OPINION
{¶ 1} Defendant-appellant George A. Kilgore appeals his conviction and sentence for one count of breaking and entering, a violation of R.C. §
2911.13(A), a fifth degree felony.
{¶ 2} On April 17, 2007, Kilgore was charged by indictment with one count of breaking and entering. Kilgore was arraigned on April 19, 2007, stood mute, and the trial court
entered a not guilty plea on his behalf. Following a jury trial which began on June 4, 2007, and concluded on June 6, 2007, Kilgore was found guilty of the sole count in the indictment. On June 7, 2007, the trial court sentenced Kilgore to ten months imprisonment. Kilgore filed a timely notice of appeal with this Court on June 25, 2007.

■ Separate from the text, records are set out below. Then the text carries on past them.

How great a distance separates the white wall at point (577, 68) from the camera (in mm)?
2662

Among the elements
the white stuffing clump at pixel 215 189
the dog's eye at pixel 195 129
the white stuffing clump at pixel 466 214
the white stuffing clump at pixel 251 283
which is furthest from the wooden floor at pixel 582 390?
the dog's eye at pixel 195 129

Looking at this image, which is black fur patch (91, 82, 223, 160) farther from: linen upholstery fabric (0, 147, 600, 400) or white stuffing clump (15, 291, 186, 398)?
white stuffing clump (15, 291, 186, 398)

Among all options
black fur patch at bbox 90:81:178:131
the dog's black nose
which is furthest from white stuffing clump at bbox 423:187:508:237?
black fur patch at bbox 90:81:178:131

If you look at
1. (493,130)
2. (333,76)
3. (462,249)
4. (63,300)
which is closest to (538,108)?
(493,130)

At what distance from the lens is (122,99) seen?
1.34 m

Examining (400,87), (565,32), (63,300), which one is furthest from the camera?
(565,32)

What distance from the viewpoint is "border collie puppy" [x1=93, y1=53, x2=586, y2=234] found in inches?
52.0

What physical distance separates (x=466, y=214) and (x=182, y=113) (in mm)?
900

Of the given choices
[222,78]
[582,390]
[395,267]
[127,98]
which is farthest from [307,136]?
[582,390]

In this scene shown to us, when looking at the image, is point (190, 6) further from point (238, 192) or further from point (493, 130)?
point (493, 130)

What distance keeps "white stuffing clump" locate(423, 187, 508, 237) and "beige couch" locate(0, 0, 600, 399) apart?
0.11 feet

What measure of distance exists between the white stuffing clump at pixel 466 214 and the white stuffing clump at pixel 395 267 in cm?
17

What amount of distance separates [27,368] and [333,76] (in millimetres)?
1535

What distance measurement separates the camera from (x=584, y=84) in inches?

I {¶ 3} The incident which forms the basis of this appeal occurred at 137 East Helena Street in Dayton on Saturday, March 24, 2007, at approximately 11:00 a.m. Two businesses are located at that address, Dayton Windustrial Co. and Serva-Tool, and both businesses were open on the Saturday in question. Dayton Police were called after Kris Jackson, the owner of Serva-Tool, discovered Kilgore hiding behind a desk in the front office area of Dayton Windustrial Co. which occupies the majority of the building, including the main office area in the front of building. Mrs. Jackson testified that she asked the individual, whom she later identified as Kilgore, what he was doing in the office. Mrs. Jackson testified that Kilgore told her that he was looking for a job and asked if he could get an application. Mrs. Jackson stated that they were not currently hiring but that Kilgore should go and speak with her husband, Gregory Jackson, the owner of Dayton Windustrial. She then directed Kilgore to go and speak with Mr. Jackson in the warehouse section of the building.

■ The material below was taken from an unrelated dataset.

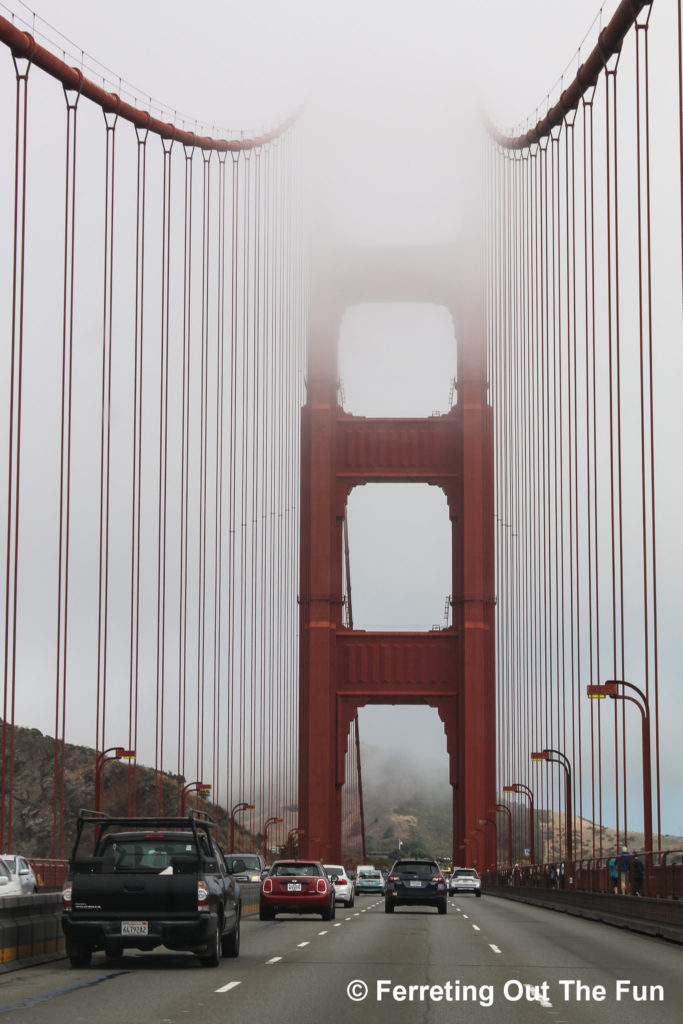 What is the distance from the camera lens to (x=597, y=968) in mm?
18828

{¶ 4} Mr. Jackson testified that he also spoke with Kilgore and told him that they were not currently hiring any new employees. Kilgore left the business premises and began traveling eastbound on Stanley Avenue. Mrs. Jackson and Mr. Jackson then investigated the section of the building where Kilgore was initially discovered. They found that almost every desk in the sales office had been opened and the chair to each desk had been pulled back. They also
discovered that Mr. Jackson's desk in his private office had also been opened and ransacked.

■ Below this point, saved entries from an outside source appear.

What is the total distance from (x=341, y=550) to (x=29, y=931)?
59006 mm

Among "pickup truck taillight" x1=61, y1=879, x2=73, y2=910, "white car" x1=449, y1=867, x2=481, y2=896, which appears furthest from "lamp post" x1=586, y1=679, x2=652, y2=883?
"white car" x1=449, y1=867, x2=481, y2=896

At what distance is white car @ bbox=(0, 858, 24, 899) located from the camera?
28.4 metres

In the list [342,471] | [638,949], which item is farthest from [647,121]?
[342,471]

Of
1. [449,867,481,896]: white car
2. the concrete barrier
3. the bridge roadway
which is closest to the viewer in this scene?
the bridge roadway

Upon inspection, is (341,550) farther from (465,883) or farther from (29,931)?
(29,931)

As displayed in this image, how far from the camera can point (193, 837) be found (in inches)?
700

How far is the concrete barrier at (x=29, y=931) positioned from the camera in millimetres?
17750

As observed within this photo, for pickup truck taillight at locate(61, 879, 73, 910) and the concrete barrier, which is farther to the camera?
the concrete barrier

{¶ 5} Mr. and Mrs. Jackson called the police and gave them a description of Kilgore as the individual who had burglarized their business. Officer Florea and Officer Christophers from the Dayton Police responded to the call. When the officers arrived at the Jacksons' business, they observed Kilgore traveling up Stanley Avenue. They took Kilgore into custody and questioned him concerning his presence at the Jacksons' business. Kilgore stated that he was just trying to obtain a job application. However, once he was informed that his criminal actions had been recorded by the Jacksons' video surveillance system, Kilgore eventually confessed. He maintained that he initially entered the business to get a job application. However, once he discovered that no employees were in the office area, he stated that the temptation was too great, and he began looking for items to steal in the unlocked desks in the sales office and Mr. Jackson's private office.
{¶ 6} After a jury trial, Kilgore was convicted of one count of breaking and entering, in violation of R.C. § 2911.13(A). It is from this judgment that Kilgore now appeals.
II {¶ 7} Kilgore's sole assignment of error is as follows:
{¶ 8} "THE TRIAL COURT ERRED WHEN IT FOUND DEFENDANT GUILTY OF VIOLATING ORC § 2911 13(A), AS THE STATE FAILED TO MEET ITS BURDEN AS TO EACH AND EVERY ELEMENT AND SUCH FINDING OF GUILTY WAS AGAINST THE MANIFEST WEIGHT OF THE EVIDENCE."
{¶ 9} In his sole assignment, Kilgore contends that the State failed to adduce sufficient evidence at trial which established each element of breaking and entering beyond a reasonable
doubt. Specifically, Kilgore argues that the State failed to prove that he committed a "trespass" and that said trespass was in an "unoccupied" structure. Additionally, Kilgore argues that the verdict finding him guilty was against the manifest weight of the evidence.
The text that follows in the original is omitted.